# Outline
1. term project 公布
2. Virtual Memory
3. OS
4. Boot sequence
5. Bare machine
6. Standalone program
7. RISC-V Vector extention
---
# 名詞解釋
* Memory paging(or swapping on some Unix-like systems): is a memory management scheme by which a computer stores and retrieves data from secondary storage[a] for use in main memory. Paging is an important part of virtual memory implementations in modern operating systems, **using secondary storage to let programs exceed the size of available physical memory**.
* [Thread process](https://www.youtube.com/watch?app=desktop&v=4rLW7zg21gI):
* Process 是可以同時運行數個 thread 的容器(container)

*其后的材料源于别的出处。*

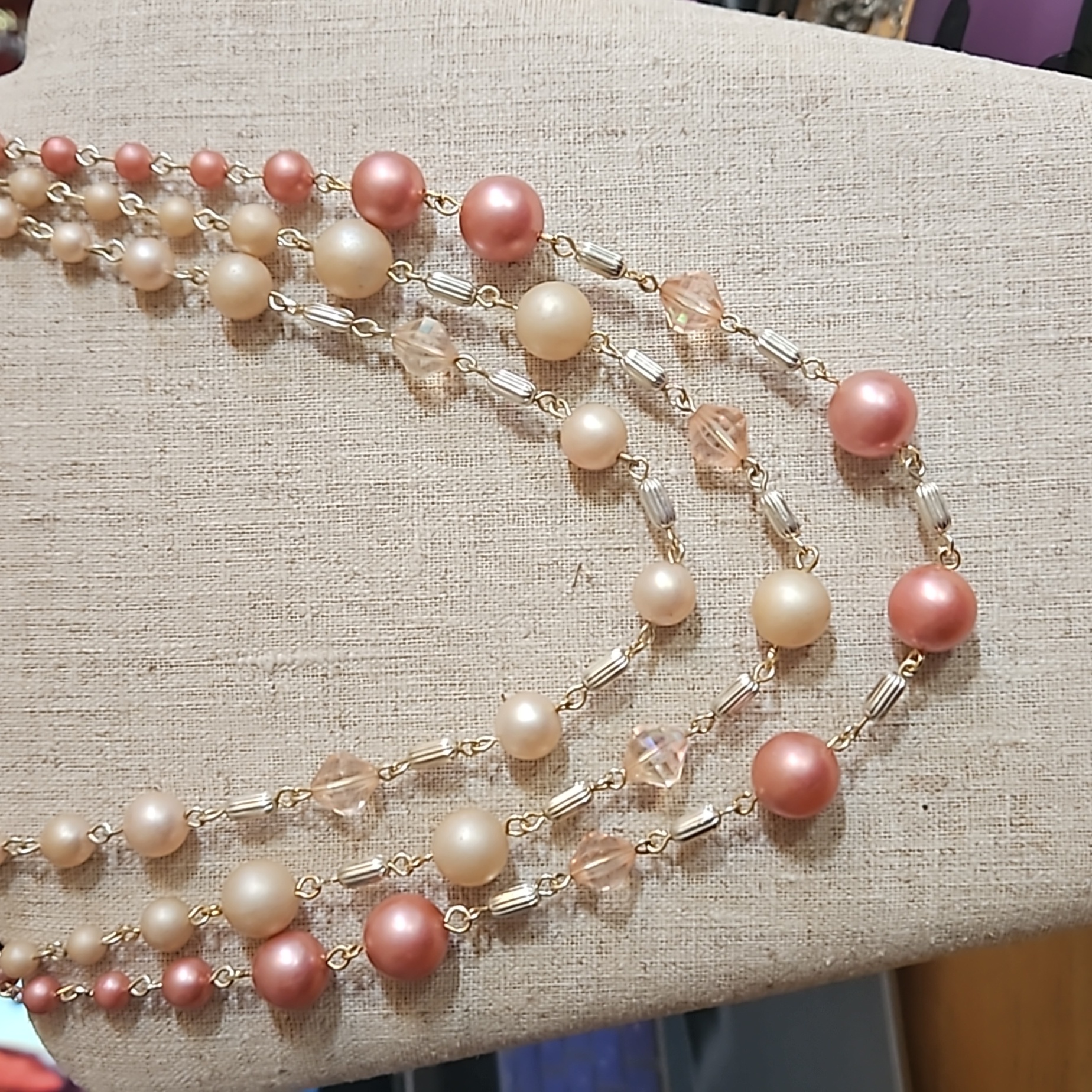 Beautiful Vintage 1950s Peach 3 Strand Beads With Matching Earrings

* [Virtual memory area (VMA)](https://www.oreilly.com/library/view/linux-device-drivers/9781785280009/4759692f-43fb-4066-86b2-76a90f0707a2.xhtml): **to keep track of the process's memory mappings**; for example, a process has one VMA for its code, one VMA for each type of data, one VMA for each distinct memory mapping (if any), and so on. **VMAs are processor-independent structures**, with permissions and access control flags. Each VMA has a start address, a length, and their sizes are always a multiple of the page size (PAGE_SIZE). A VMA consists of a number of pages, each of which has an entry in the page table.
* VMA 所描述的記憶體區域始終是虛擬連續的,而不是物理上連續的
* [三種 page fault](https://en.wikipedia.org/wiki/Page_fault):
* Minor: 如果在產生 page fault 時頁面已載入到記憶體中,但在記憶體管理單元中未將其標記為已載入到記憶體中,則稱為 minor page fault 或 soft page fault。
* page miss 時到 main memory 抓資料也成功抓到,寫穿回 cache 但 page 尚未寫回。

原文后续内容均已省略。